Finally, Lars sighed and gave in to the inevitable.

“I… had a fight with Sadie.”

Steven winced and climbed up on the bench to sit next to him. Lars expected him to speak but Steven stayed silent for a long moment.

“Do you want to talk about it?” Steven finally asked and Lars felt every molecule in his body resist that idea suddenly and violently.

“No. I want to forget it ever happened.”

More silence. The waves lapped the beach. Behind them, a child screamed in terrified delight as the roller coaster climbed steadily to the top of the hill.

“Maybe you should talk to Sadie about it instead of trying to pretend it didn’t happen,” Steven said quietly. When Lars looked sideways at him, Steven had his hands clasped in his lap and was studying his knuckles with a kind of quiet concentration. “She’s your friend.
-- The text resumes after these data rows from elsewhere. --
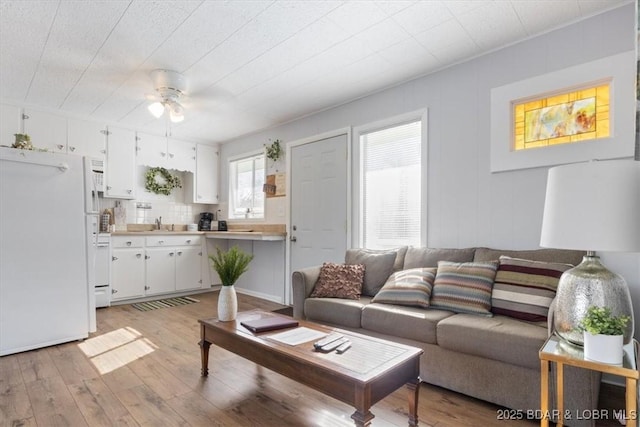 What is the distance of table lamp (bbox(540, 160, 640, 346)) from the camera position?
3.87 feet

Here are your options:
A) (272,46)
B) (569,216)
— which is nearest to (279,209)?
(272,46)

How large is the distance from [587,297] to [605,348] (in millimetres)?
206

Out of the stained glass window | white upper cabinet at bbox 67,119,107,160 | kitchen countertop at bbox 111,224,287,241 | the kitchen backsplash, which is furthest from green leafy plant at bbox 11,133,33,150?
the stained glass window

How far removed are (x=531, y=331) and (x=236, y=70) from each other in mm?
2971

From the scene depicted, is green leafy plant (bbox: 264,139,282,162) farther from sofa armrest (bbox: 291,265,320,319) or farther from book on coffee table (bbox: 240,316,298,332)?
book on coffee table (bbox: 240,316,298,332)

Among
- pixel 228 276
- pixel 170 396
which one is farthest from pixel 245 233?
pixel 170 396

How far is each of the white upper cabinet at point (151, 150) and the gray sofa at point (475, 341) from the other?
3663mm

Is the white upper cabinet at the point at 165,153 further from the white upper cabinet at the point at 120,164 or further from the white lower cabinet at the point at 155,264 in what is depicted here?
the white lower cabinet at the point at 155,264

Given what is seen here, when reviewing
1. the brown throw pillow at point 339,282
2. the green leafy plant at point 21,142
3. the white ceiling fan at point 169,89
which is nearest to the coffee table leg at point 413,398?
the brown throw pillow at point 339,282

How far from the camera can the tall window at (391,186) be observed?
3287mm

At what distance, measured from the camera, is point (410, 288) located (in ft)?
8.18

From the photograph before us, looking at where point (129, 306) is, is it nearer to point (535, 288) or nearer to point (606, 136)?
point (535, 288)

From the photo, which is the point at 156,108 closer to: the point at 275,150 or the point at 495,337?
the point at 275,150

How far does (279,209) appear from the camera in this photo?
4.71 metres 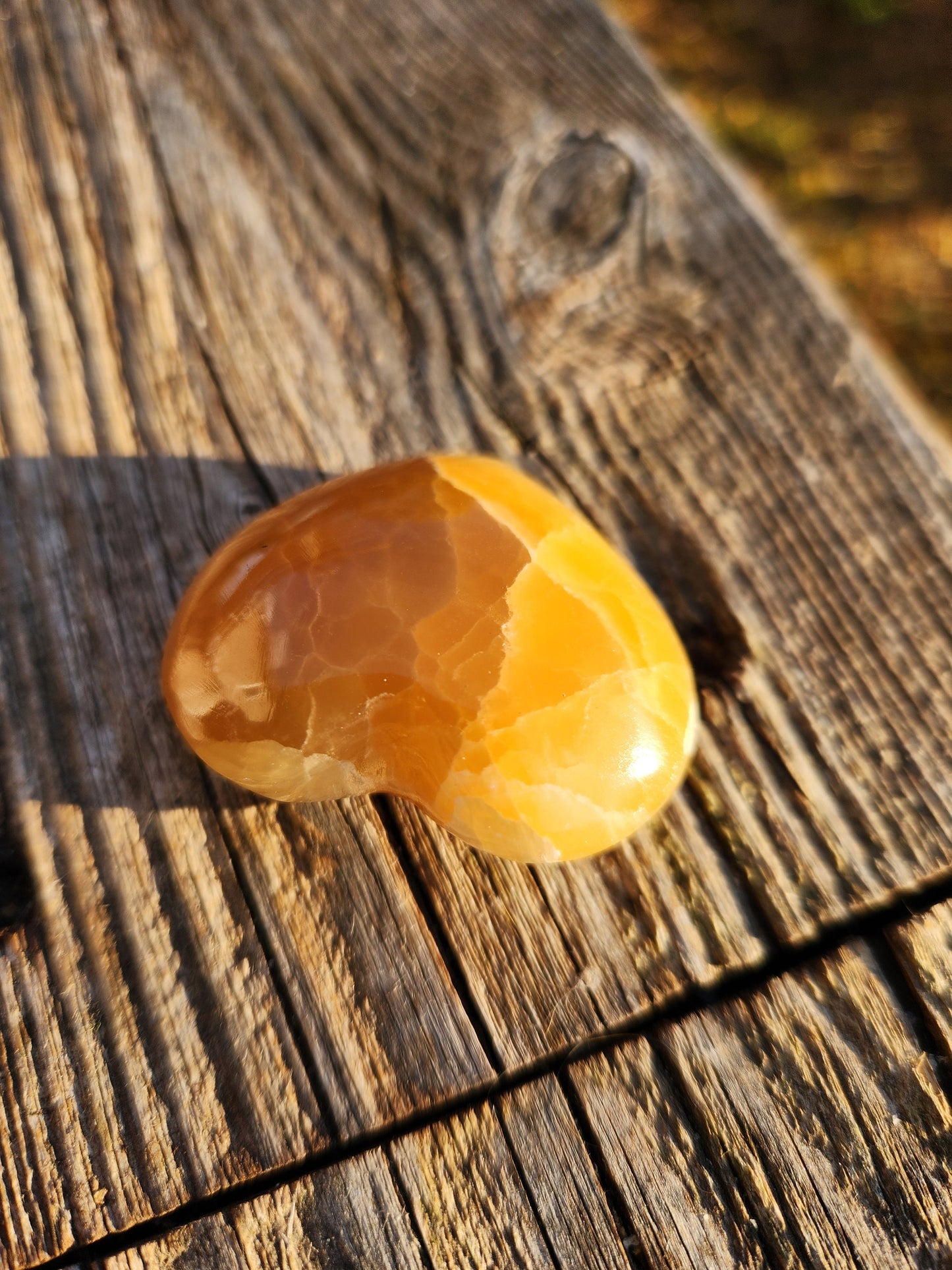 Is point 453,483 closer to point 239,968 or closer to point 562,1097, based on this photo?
point 239,968

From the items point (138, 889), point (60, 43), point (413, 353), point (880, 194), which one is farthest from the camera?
point (880, 194)

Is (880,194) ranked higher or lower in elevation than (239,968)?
higher

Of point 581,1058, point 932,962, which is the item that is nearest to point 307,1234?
point 581,1058

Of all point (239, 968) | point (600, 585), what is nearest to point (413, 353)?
point (600, 585)

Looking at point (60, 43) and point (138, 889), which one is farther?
point (60, 43)

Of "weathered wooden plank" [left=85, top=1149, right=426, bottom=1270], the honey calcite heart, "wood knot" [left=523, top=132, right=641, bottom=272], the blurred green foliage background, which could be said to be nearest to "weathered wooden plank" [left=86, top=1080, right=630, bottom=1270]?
"weathered wooden plank" [left=85, top=1149, right=426, bottom=1270]

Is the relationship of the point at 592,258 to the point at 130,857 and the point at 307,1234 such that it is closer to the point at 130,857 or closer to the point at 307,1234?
the point at 130,857

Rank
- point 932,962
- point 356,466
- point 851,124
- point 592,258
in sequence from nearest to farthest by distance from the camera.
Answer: point 932,962
point 356,466
point 592,258
point 851,124

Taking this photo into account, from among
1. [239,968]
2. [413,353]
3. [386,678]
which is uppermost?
[413,353] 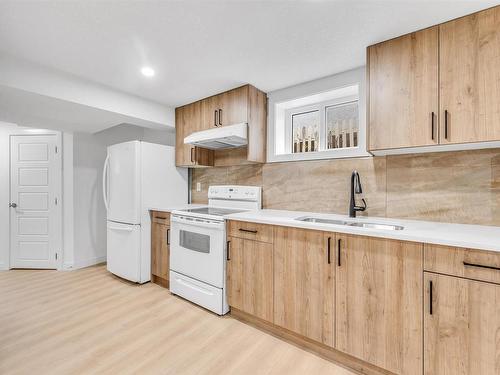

She’ll let you apologize.”

Lars winced. “Not anymore,” he muttered and pulled his knees to his chest.

Steven snorted. “I doubt you could do anything to make Sadie stop being friends with you. She’s one of the nicest, most forgiving people in all of Beach City! Plus, she loves you.”

The words sank into Lars’ skin, burrowing beneath the top layer and setting his whole body on fire.

“I asked Sadie to be my fake girlfriend so I wouldn’t show up to a party this weekend alone.” The confession burst from Lars’ chest and clawed its way out of his throat. For a moment, it hung there in the air in front of them.

Steven’s mouth fell open. “You did _what_!? Are you crazy!? You know how Sadie feels about you, Lars! Why would you do something like that when it could do nothing but hurt her!”

“I didn’t…! I wasn’t thinking— I didn’t _mean_ to hurt her!” Lars protested, feeling his stomach drop lower with each word. He hadn’t meant to, but he had. He’d hurt her badly. He’d been thinking of the rave, of Sour Cream and Buck and Jenny. And if he was really really honest, a small tiny part of him was thinking that if he could just have this, if he could be selfish and get Sadie to agree to be his pretend-girlfriend for a day, then he wouldn’t have to be afraid of not being good enough. He could have Sadie but not have her. He could hold her hand and stand too close and look down at her curls and smile like a stupid sap and not worry about his sharp tongue making her cry. None of the risk of a relationship, all the reward. Bliss for a day. A taste of everything he’d ever wanted but been too petrified to ask for.

He was such an idiot.

“I thought...” Lars began, staring at the concrete sidewalk beneath the bench. “I thought that maybe…”

“I don’t care what you thought!” Steven sounded indignant. He poked Lars hard in the shoulder and _ow_ , dang, the kid must be working out with that pack of crazy Gem aunts he lived with down on the beach. That hurt! “Turn your butt around and go find Sadie and tell her you’re sorry for being dumb and that you want her to be your girlfriend for real! There’s too much sadness in the world for you two to never get your act together! I’m so tired of this!”

Lars blinked and turned his head. Steven was standing on the bench, having apparently risen to his feet in his burst of righteous fury, and was scowling down at him.

“You’re perfect for each other,” Steven continued. “And it’s obvious to everyone that Sadie really really likes you! And Lars, I think that you really really like her too!”

Lars swallowed, the lump in his throat painfully hard.

“Don’t you?”

_Yeah, Lars, don’t you?_

“I...” Lars licked his dry lips. His lungs felt tight. “I...”

“I thought maybe after the island...” Steven sighed, deflated, and sat back down on the bench.

A seagull fluttered down, pecked at the ground by their feet fruitlessly for a moment or two before spreading its wings and taking flight again.

“Me too,” croaked Lars.

Steven glanced at him.

“I… thought maybe after the island… too.”

The silence stretched for fifteen seconds. Twenty. Lars finally chanced a glance up at Steven. Steven sat next to him, a big goofy grin on his face, both hands clasped to his cheeks.

“Awwww!” Steven cooed and Lars felt red hot embarrassment sweep over him.

“Shut up!” Lars scowled and shoved Steven’s shoulder hard so the boy tipped to the side, giggling. He stood up abruptly and shoved his hands in his pockets.

“Lars!” Steven’s grin was slowly fading, lingering like it tended to do. Steven was constantly smiling, a bright beam of optimism that cut through the cloud of weirdness that sometimes hovered over Beach City. Lars wondered for the billionth time how he did it.

“I really think you should talk to Sadie. As bad as you were sitting here feeling, she probably feels just as bad.”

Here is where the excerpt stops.